From the Guidelines
The treatment for involved axillary lymph nodes in breast cancer patients typically involves surgical removal through axillary lymph node dissection (ALND) or sentinel lymph node biopsy (SLNB), followed by adjuvant therapy, with consideration of omitting further axillary surgery in patients with 1-2 positive sentinel nodes who undergo lumpectomy and whole-breast radiation, as supported by the ACOSOG Z0011 trial 1.
Key Considerations
- For patients with clinically positive nodes at the time of diagnosis, confirmed by FNA or core biopsy, or when sentinel nodes are not identified, a level I and II axillary dissection is recommended 1.
- The decision to perform axillary dissection or sentinel lymph node biopsy should be based on the patient's individual risk factors, tumor characteristics, and the potential impact on adjuvant systemic therapy 1.
- Radiation therapy to the axilla may be recommended, typically delivered at doses of 45-50 Gy over 5 weeks, and systemic therapy may include chemotherapy regimens, endocrine therapy, or targeted therapy, depending on the patient's disease characteristics 1.
Surgical Management
- A level I and II axillary dissection involves removing 10-40 lymph nodes, and may be performed in patients with positive sentinel nodes or clinically positive axillary nodes 1.
- Sentinel lymph node biopsy is the standard approach in patients presenting with a clinically negative axilla, and may be sufficient for patients with 1-2 positive sentinel nodes who undergo lumpectomy and whole-breast radiation 1.
Adjuvant Therapy
- Systemic therapy is essential in the treatment of breast cancer with involved axillary lymph nodes, and may include chemotherapy regimens such as dose-dense AC-T, TC, or TAC, as well as endocrine therapy or targeted therapy 1.
- The choice of adjuvant therapy should be based on the patient's individual risk factors, tumor characteristics, and the potential impact on recurrence risk and overall survival 1.
From the Research
Treatment for Involved Axillary Lymph Nodes
The treatment for involved axillary lymph nodes in breast cancer patients typically involves a combination of surgical and non-surgical approaches.
- Axillary lymph node dissection (ALND) is a common surgical procedure used to remove cancerous lymph nodes in the axilla 2, 3, 4.

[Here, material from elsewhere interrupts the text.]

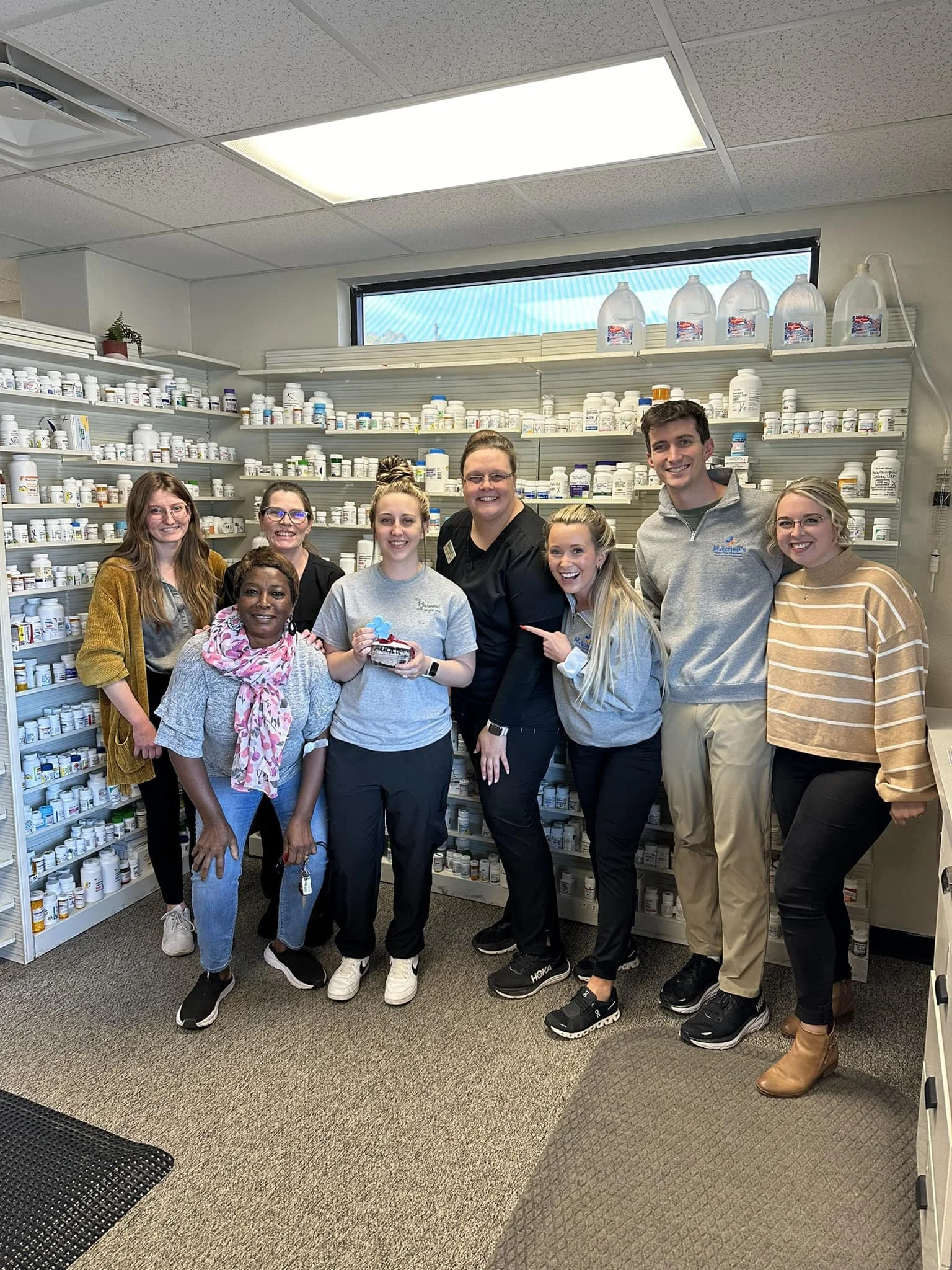 Group of nine people standing in front of pharmacy shelves filled with medication bottles, smiling at the camera.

- However, ALND can be associated with significant complications, such as numbness, seroma, lymphedema, and infection 2.
- Sentinel lymph node biopsy (SLNB) is a less invasive alternative to ALND, which involves removing only the first lymph node to which cancer cells are likely to spread 5.
- For node-positive patients treated with neoadjuvant chemotherapy, restaging of the axilla with ultrasound (US) and MRI, and targeted axillary dissection in addition to SLNB, is highly recommended to minimize the false-negative rate of SLNB 5.

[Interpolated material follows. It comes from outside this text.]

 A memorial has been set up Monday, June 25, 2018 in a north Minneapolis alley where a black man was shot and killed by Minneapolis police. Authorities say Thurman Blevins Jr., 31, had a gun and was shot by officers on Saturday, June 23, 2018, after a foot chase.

- The number of lymph nodes retrieved during axillary dissection can impact overall survival, with retrieval of approximately 20 lymph nodes associated with improved survival 4.
Diagnostic Approaches
Diagnostic approaches, such as axillary ultrasound (US), MRI, and US-guided biopsy, play a critical role in assessing nodal disease burden and guiding treatment decisions 5, 6.
- Axillary US has been shown to be highly sensitive and specific in detecting level II and III axillary lymph node metastasis after axillary lymph node dissection for invasive breast cancer 6.
- US features, such as an increase in lymph node diameter, a low Solbiati index value, and the presence of new suspicious lesions, can be predictive of lymph node metastasis 6.
Multidisciplinary Treatment Decision Making
Multidisciplinary treatment decision making is critical in the management of involved axillary lymph nodes, involving close collaboration between breast radiologists, surgeons, and other healthcare professionals 5.
- Accurate assessment of axillary lymph node involvement is essential in staging breast cancer and guiding treatment decisions 5, 3.
- Emerging evidence suggests that axillary lymph node dissection may be avoided in selected patients with node-positive as well as node-negative cancer, highlighting the need for individualized treatment approaches 5.